WORK ORDER:
From the line with "The Final Chapter" to the line with "揭秘巴塞罗那球队五大鲜为人知的传奇事实与辉煌历史", retype every line exactly, including those two, and leave out the rest of the data below.
==== SOURCE DATA ====
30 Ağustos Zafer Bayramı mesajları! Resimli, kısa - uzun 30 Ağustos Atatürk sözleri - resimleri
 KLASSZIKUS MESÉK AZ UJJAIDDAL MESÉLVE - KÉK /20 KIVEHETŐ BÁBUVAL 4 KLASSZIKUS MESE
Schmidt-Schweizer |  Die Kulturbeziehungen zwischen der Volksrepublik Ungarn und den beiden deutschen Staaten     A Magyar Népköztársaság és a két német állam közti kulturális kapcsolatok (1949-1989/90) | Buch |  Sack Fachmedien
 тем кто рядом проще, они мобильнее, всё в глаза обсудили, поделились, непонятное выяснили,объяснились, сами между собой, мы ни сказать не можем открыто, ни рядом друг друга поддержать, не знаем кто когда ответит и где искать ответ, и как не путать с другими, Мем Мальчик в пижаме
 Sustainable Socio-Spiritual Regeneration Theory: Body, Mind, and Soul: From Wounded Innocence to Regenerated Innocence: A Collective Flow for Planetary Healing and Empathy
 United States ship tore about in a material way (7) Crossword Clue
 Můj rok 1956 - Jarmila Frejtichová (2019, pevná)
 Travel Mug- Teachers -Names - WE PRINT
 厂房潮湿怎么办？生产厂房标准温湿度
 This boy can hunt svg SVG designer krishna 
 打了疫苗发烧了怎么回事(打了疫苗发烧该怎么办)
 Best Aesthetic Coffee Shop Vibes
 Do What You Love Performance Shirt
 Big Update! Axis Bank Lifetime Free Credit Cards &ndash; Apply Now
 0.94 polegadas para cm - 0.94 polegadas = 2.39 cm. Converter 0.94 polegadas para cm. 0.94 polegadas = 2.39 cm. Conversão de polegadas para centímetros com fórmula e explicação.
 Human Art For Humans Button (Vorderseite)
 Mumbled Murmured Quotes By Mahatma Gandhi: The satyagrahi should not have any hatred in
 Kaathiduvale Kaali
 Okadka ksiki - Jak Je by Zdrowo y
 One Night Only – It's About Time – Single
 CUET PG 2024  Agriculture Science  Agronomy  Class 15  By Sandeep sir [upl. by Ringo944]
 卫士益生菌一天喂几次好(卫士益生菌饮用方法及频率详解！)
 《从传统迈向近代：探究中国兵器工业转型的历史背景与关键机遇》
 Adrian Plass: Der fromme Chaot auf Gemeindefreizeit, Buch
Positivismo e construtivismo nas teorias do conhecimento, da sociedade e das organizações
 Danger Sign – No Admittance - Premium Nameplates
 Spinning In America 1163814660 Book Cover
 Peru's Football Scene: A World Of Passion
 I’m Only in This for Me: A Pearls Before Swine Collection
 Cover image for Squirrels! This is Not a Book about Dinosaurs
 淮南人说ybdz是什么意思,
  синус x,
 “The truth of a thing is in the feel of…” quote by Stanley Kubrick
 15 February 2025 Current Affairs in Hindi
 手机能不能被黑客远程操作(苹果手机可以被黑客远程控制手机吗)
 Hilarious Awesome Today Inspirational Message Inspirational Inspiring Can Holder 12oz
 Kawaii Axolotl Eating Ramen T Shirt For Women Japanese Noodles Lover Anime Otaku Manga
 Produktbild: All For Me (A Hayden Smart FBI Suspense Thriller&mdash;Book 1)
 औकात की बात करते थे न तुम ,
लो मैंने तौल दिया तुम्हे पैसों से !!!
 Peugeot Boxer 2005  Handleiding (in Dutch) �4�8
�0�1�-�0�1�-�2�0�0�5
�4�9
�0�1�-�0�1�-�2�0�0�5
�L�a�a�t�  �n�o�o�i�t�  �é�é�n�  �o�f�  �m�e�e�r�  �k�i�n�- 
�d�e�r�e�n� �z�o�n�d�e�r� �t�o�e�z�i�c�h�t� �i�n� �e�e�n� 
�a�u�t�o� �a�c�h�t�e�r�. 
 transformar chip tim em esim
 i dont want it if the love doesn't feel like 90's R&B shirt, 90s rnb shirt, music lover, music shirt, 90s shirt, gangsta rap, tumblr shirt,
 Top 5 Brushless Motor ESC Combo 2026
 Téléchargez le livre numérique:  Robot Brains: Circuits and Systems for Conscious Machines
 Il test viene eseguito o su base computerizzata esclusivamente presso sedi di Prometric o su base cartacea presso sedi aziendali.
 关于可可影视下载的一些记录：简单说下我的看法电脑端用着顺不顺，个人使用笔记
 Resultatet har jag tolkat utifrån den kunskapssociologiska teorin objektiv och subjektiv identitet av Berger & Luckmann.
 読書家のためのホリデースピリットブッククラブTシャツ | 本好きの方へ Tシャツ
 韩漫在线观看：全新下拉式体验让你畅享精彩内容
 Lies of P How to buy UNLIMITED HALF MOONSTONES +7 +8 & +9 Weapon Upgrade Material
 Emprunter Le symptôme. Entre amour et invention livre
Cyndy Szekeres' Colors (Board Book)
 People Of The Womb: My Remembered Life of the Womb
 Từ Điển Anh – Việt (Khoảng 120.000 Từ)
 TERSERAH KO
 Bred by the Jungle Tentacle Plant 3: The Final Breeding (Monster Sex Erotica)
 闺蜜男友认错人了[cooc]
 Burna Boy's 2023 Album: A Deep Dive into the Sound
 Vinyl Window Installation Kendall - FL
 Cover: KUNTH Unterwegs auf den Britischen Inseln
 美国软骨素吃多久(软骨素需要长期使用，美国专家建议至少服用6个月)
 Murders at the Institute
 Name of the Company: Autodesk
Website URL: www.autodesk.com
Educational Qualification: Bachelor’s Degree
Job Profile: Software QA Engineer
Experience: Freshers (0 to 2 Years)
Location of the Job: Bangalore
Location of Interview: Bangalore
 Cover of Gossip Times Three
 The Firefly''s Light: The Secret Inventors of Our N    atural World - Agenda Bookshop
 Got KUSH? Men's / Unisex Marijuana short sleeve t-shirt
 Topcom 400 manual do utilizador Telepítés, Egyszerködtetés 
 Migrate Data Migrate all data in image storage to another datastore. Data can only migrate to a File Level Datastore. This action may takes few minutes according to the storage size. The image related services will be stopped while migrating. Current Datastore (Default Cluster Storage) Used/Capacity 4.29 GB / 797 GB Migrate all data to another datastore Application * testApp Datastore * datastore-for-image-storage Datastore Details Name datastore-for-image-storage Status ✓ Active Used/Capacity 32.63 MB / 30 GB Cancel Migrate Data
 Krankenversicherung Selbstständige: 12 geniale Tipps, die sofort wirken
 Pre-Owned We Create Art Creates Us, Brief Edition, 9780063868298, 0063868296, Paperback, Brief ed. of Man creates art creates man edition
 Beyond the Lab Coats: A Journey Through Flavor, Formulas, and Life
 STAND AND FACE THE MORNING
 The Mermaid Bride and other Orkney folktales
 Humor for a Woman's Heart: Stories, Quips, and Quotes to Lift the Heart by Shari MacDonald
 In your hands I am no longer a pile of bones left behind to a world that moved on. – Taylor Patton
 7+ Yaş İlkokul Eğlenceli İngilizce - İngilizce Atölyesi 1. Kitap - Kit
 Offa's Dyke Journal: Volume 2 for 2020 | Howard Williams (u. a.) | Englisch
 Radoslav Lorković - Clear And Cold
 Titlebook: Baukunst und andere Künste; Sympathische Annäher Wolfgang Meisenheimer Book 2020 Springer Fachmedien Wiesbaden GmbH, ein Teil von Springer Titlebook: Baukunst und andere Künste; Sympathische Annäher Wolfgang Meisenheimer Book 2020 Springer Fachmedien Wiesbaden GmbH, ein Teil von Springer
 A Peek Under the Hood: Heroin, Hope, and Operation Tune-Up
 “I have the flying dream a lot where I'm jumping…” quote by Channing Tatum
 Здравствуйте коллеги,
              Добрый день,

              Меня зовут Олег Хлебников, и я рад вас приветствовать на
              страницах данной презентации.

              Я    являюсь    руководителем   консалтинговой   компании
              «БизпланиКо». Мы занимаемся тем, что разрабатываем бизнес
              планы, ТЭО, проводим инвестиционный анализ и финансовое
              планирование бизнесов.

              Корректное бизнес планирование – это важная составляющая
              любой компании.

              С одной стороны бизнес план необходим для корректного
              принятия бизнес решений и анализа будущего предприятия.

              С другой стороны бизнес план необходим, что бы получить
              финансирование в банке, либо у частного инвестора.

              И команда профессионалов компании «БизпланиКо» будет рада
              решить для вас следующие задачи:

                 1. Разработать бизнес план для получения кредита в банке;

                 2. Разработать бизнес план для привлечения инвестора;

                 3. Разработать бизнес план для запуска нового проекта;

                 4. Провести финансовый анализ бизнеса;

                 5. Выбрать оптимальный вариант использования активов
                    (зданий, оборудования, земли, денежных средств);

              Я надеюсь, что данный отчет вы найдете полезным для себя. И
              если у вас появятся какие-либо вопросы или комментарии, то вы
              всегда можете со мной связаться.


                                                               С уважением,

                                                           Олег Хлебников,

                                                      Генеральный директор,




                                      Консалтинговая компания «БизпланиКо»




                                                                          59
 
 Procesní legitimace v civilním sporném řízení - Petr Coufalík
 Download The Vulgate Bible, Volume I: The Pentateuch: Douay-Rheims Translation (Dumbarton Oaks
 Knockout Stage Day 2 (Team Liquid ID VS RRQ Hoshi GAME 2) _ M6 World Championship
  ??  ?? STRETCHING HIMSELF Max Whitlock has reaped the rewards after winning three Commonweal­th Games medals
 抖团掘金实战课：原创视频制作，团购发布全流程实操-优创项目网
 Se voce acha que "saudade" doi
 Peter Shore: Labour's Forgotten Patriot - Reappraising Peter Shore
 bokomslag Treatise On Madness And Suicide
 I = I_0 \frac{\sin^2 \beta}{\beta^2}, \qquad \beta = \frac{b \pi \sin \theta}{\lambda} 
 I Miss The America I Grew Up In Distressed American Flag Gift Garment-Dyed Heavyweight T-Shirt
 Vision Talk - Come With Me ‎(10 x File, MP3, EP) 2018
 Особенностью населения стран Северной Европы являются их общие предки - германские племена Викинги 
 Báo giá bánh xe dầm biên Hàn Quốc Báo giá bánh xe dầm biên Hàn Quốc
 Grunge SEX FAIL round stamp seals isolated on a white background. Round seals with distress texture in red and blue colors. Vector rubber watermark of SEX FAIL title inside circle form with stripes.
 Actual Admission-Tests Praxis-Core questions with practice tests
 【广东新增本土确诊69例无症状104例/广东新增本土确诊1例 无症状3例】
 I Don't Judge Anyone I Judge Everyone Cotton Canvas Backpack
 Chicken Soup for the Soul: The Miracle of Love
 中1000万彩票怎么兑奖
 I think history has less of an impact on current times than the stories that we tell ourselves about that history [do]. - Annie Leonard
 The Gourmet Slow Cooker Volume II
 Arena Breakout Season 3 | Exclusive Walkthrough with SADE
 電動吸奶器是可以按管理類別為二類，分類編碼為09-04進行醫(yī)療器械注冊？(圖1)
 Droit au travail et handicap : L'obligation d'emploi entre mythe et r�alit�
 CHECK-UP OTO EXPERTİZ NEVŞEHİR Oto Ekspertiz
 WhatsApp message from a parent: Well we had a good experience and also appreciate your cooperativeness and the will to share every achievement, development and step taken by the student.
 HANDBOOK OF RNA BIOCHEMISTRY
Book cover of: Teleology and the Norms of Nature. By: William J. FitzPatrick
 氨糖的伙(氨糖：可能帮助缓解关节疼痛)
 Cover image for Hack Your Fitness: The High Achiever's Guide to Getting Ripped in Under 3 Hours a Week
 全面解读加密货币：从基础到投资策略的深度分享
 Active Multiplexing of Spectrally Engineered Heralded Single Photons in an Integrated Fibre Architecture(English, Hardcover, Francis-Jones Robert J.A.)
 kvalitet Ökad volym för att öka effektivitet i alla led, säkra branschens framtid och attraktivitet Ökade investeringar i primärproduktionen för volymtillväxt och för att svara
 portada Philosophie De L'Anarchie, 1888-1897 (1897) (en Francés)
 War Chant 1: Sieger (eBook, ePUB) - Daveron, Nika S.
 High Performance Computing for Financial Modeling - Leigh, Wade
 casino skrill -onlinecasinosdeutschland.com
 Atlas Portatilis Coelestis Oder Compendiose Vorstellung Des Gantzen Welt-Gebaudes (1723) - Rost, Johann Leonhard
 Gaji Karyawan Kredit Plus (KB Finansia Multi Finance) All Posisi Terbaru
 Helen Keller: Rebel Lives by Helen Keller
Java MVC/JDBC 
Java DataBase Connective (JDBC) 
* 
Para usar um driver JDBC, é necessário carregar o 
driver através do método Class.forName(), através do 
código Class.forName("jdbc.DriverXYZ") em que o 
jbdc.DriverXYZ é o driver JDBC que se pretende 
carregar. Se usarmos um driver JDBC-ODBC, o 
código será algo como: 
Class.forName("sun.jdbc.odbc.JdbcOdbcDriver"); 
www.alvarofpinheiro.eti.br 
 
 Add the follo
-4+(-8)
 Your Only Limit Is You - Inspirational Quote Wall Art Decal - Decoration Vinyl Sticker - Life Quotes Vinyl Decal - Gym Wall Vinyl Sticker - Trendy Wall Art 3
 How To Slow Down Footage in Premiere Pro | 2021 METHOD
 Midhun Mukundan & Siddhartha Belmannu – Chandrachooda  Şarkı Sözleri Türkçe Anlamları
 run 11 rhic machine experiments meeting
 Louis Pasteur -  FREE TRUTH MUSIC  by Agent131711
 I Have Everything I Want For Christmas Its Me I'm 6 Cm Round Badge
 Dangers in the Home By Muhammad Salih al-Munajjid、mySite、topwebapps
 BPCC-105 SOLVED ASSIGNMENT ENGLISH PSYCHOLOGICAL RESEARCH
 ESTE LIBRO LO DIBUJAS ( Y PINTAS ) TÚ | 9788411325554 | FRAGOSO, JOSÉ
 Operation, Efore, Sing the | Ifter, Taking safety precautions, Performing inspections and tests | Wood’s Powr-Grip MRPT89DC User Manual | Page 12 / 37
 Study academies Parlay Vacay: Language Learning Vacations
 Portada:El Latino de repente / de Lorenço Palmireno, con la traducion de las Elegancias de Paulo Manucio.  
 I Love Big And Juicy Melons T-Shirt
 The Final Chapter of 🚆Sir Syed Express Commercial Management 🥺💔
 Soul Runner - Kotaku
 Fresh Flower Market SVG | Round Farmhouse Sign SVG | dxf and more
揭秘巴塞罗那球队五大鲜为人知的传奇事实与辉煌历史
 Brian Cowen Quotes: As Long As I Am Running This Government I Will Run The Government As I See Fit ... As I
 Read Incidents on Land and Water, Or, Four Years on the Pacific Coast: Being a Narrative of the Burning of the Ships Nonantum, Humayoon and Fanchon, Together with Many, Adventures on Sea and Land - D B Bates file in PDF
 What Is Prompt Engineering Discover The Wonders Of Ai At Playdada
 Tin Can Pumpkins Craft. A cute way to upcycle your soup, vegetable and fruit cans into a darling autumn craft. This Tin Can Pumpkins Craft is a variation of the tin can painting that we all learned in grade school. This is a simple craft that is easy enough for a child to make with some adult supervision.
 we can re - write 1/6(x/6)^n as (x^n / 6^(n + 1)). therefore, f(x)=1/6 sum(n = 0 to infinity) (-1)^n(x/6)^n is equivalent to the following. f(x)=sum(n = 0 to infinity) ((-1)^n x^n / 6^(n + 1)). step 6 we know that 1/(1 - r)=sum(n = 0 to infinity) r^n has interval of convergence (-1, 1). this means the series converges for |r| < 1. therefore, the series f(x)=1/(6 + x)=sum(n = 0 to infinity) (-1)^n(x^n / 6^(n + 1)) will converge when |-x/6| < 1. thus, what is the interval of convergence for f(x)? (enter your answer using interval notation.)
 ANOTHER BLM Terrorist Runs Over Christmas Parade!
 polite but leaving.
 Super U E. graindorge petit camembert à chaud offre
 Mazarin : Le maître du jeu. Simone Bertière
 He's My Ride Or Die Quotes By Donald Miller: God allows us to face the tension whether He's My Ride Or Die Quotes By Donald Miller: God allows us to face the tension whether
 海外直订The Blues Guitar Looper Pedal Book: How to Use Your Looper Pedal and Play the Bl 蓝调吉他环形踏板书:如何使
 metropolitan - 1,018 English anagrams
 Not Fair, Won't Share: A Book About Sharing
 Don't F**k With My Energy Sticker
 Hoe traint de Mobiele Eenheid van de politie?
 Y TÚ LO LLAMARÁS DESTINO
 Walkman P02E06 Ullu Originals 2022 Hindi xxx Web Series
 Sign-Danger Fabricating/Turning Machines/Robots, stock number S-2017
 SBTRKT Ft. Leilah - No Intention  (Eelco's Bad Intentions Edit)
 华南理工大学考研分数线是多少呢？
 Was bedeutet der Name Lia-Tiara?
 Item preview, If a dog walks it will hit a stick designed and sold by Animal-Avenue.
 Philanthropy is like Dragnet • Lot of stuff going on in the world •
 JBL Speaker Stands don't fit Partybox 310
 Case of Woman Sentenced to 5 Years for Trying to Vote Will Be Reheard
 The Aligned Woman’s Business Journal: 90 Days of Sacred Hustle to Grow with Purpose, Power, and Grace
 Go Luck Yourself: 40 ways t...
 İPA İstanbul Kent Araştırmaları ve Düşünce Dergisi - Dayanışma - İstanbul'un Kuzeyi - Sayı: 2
====
WRITTEN SOLUTION:
 The Final Chapter of 🚆Sir Syed Express Commercial Management 🥺💔
 Soul Runner - Kotaku
 Fresh Flower Market SVG | Round Farmhouse Sign SVG | dxf and more
揭秘巴塞罗那球队五大鲜为人知的传奇事实与辉煌历史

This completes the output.